Note: This tutorial assumes some unix and programming experience.
While logged into the cluster, you will have the same home directory shared accross all nodes of the supercomputer via NFS. It is important to keep in mind that file accesses to your home directory will be slower if called from computers other than head.ohm.calvin.edu. If you are writing a high-performance program and need to write to a temporary file, consider using /tmp, which will be local to each machine.
There are two ways of taking advantage of the Beowulf Supercomputer:
The easiest way to take advantage of the supercomputer is to run specific programs on specific nodes. This is excellent for quick easy jobs, but is not as useful for large, extensive programs.
The slave nodes on the supercomputer are named s0 - s15, with masters named m1 and m2, and the fileserver named head. To run a command on a specific computer, launch a remote shell on the slave node using rsh. For example if we want to check the memory usage on slave node 0, we can do:
[dvos12@m1 dvos12]$ rsh s0 free
total used free shared buffers cached
Mem: 1035524 505804 529720 58480 327600 17324
-/+ buffers/cache: 160880 874644
Swap: 1132540 0 1132540
The usage for rsh is
where nodename is the name of slave node you want to run the program on (we ran on slave node #0 in the example above). command is any unix command.rsh nodename command
Another useful command is rcp. rcp allows you to copy files from one computer to another.
There are also secure versions of rsh and rcp called ssh and scp. They behave like the former commands, with the exception that all information sent between computers using these commands is encrypted. That is vital for sending things like passwords accross the Internet, but is not as important for a closed environment such as this. Note that ssh and scp are a little slower becaues of the encryption, so rsh and rcp should be used when performance is key.
There are also some commands built specifically for this computer. Say, for example, that you want to run a single command on all the nodes at once. You can use ohmsh. Type 'ohmsh -h' to find out the syntax. Example: 'ohmsh -s date' will get the date from all of the slave nodes, in order.
[dvos12@m1 dvos12]$ ohmsh -s date rsh s0 date Fri Oct 12 16:43:33 EDT 2001 rsh s1 date Fri Oct 12 16:43:33 EDT 2001 rsh s2 date Fri Oct 12 16:43:33 EDT 2001 rsh s3 date Fri Oct 12 16:43:34 EDT 2001 rsh s4 date Fri Oct 12 16:43:33 EDT 2001 rsh s5 date Fri Oct 12 16:43:33 EDT 2001 rsh s6 date Fri Oct 12 16:43:33 EDT 2001 rsh s7 date Fri Oct 12 16:43:34 EDT 2001 rsh s8 date Fri Oct 12 16:43:34 EDT 2001 rsh s9 date Fri Oct 12 16:43:34 EDT 2001 rsh s10 date Fri Oct 12 16:43:34 EDT 2001 rsh s11 date Fri Oct 12 16:43:33 EDT 2001 rsh s12 date Fri Oct 12 16:43:34 EDT 2001 rsh s13 date Fri Oct 12 16:43:34 EDT 2001 rsh s14 date Fri Oct 12 16:43:34 EDT 2001 rsh s15 date Fri Oct 12 16:43:34 EDT 2001
ohmcp can be used to copy files from one computer to multiple computers.
ohmps is a very useful command that allows you to check on all user processes running on the cluster.
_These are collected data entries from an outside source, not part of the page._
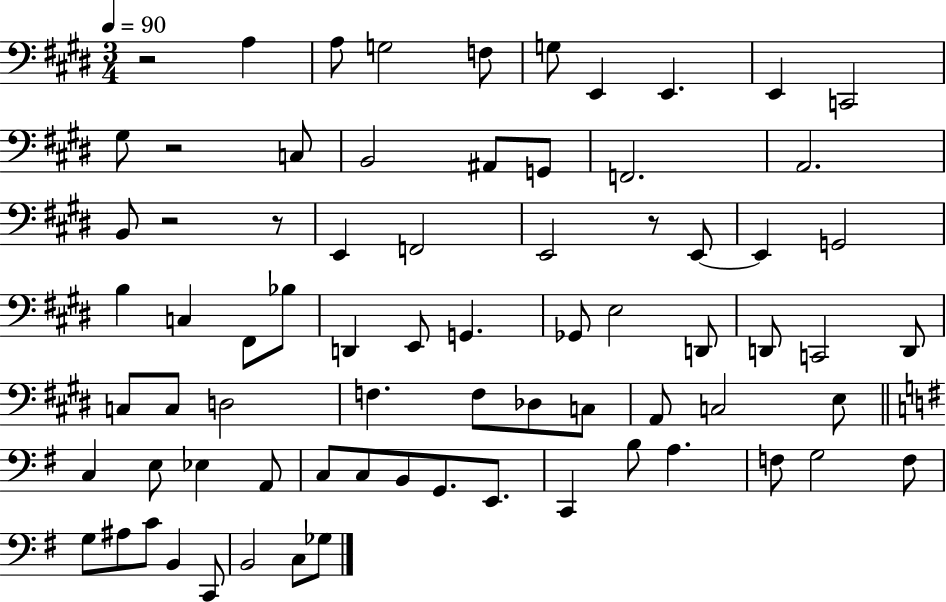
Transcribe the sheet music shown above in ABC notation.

X:1
T:Untitled
M:3/4
L:1/4
K:E
z2 A, A,/2 G,2 F,/2 G,/2 E,, E,, E,, C,,2 ^G,/2 z2 C,/2 B,,2 ^A,,/2 G,,/2 F,,2 A,,2 B,,/2 z2 z/2 E,, F,,2 E,,2 z/2 E,,/2 E,, G,,2 B, C, ^F,,/2 _B,/2 D,, E,,/2 G,, _G,,/2 E,2 D,,/2 D,,/2 C,,2 D,,/2 C,/2 C,/2 D,2 F, F,/2 _D,/2 C,/2 A,,/2 C,2 E,/2 C, E,/2 _E, A,,/2 C,/2 C,/2 B,,/2 G,,/2 E,,/2 C,, B,/2 A, F,/2 G,2 F,/2 G,/2 ^A,/2 C/2 B,, C,,/2 B,,2 C,/2 _G,/2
This is handy for finding out if you still have a program running on one of the nodes.
ohmsh, ohmcp, and ohmps are all found in /ohm/scripts It is recommended that you add that path to your $PATH variable if you use these commands often
The more powerful way to take advantage of the supercomputer is to write the code itself in such a way that uses the supercomputer. This is more flexible and is the recommended approach. One way of doing this is to use a library to handle the communication between all of the nodes. The most common such library is MPI -- Message Passing Interface.
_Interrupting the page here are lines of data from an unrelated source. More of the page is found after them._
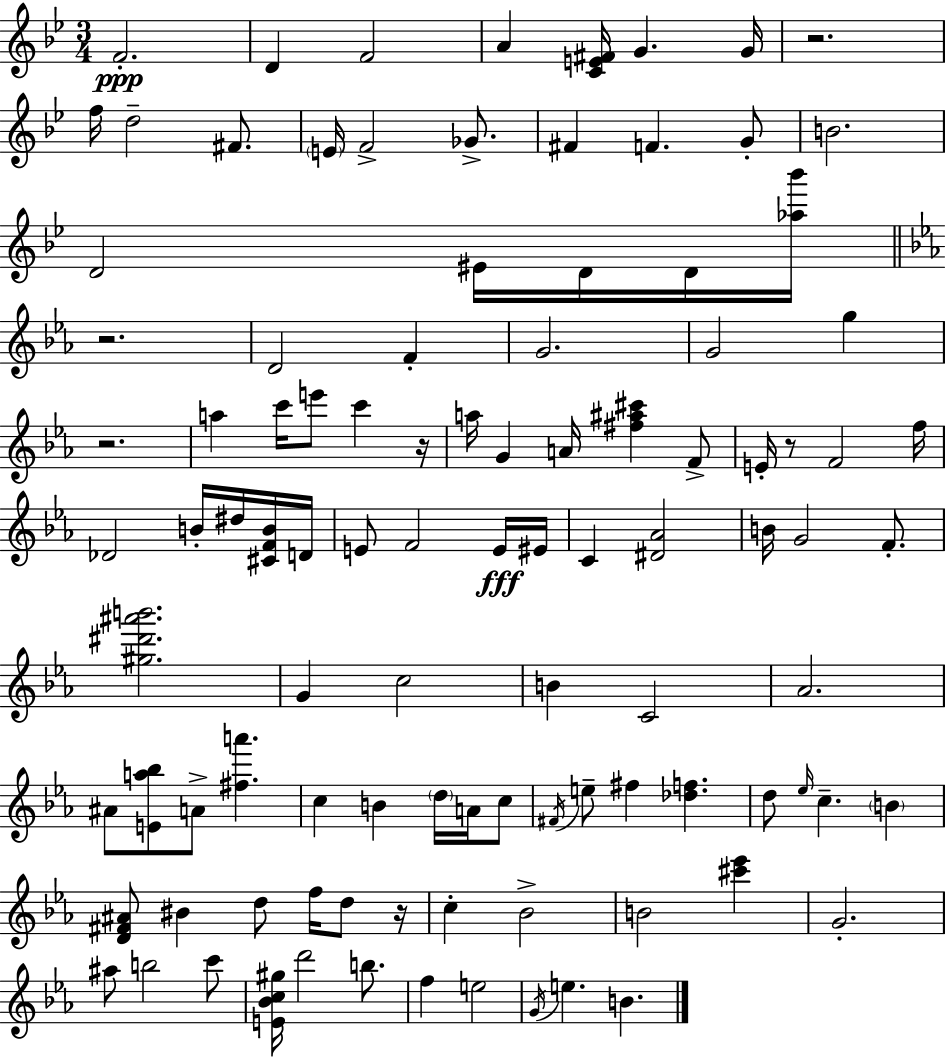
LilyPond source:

{
  \clef treble
  \numericTimeSignature
  \time 3/4
  \key g \minor
  f'2.-.\ppp | d'4 f'2 | a'4 <c' e' fis'>16 g'4. g'16 | r2. | \break f''16 d''2-- fis'8. | \parenthesize e'16 f'2-> ges'8.-> | fis'4 f'4. g'8-. | b'2. | \break d'2 eis'16 d'16 d'16 <aes'' bes'''>16 | \bar "||" \break \key ees \major r2. | d'2 f'4-. | g'2. | g'2 g''4 | \break r2. | a''4 c'''16 e'''8 c'''4 r16 | a''16 g'4 a'16 <fis'' ais'' cis'''>4 f'8-> | e'16-. r8 f'2 f''16 | \break des'2 b'16-. dis''16 <cis' f' b'>16 d'16 | e'8 f'2 e'16\fff eis'16 | c'4 <dis' aes'>2 | b'16 g'2 f'8.-. | \break <gis'' dis''' ais''' b'''>2. | g'4 c''2 | b'4 c'2 | aes'2. | \break ais'8 <e' a'' bes''>8 a'8-> <fis'' a'''>4. | c''4 b'4 \parenthesize d''16 a'16 c''8 | \acciaccatura { fis'16 } e''8-- fis''4 <des'' f''>4. | d''8 \grace { ees''16 } c''4.-- \parenthesize b'4 | \break <d' fis' ais'>8 bis'4 d''8 f''16 d''8 | r16 c''4-. bes'2-> | b'2 <cis''' ees'''>4 | g'2.-. | \break ais''8 b''2 | c'''8 <e' bes' c'' gis''>16 d'''2 b''8. | f''4 e''2 | \acciaccatura { g'16 } e''4. b'4. | \break \bar "|."
}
MPI allows programmers to write a single program that will simultaneously run on all nodes at once. MPI can be used with either Fortran or C.
Because MPI is more extensive, it is too large to cover in one web page. But, there are several good references:
- Pacheco, Peter S. Paralel Programming with MPI. Morgan Kaufmann : San Francisco
- MPI Tutorial
Both of these can be found in the cluster room (SB 381). Stop by if you have any questions.
To run an MPI application, execute 'mpirun -np num_nodes executable' where num_nodes is the number of nodes the program will run on and executable is the compiled program you wish to run. To run a program on all available nodes, use 'mpirun --all-nodes executable'.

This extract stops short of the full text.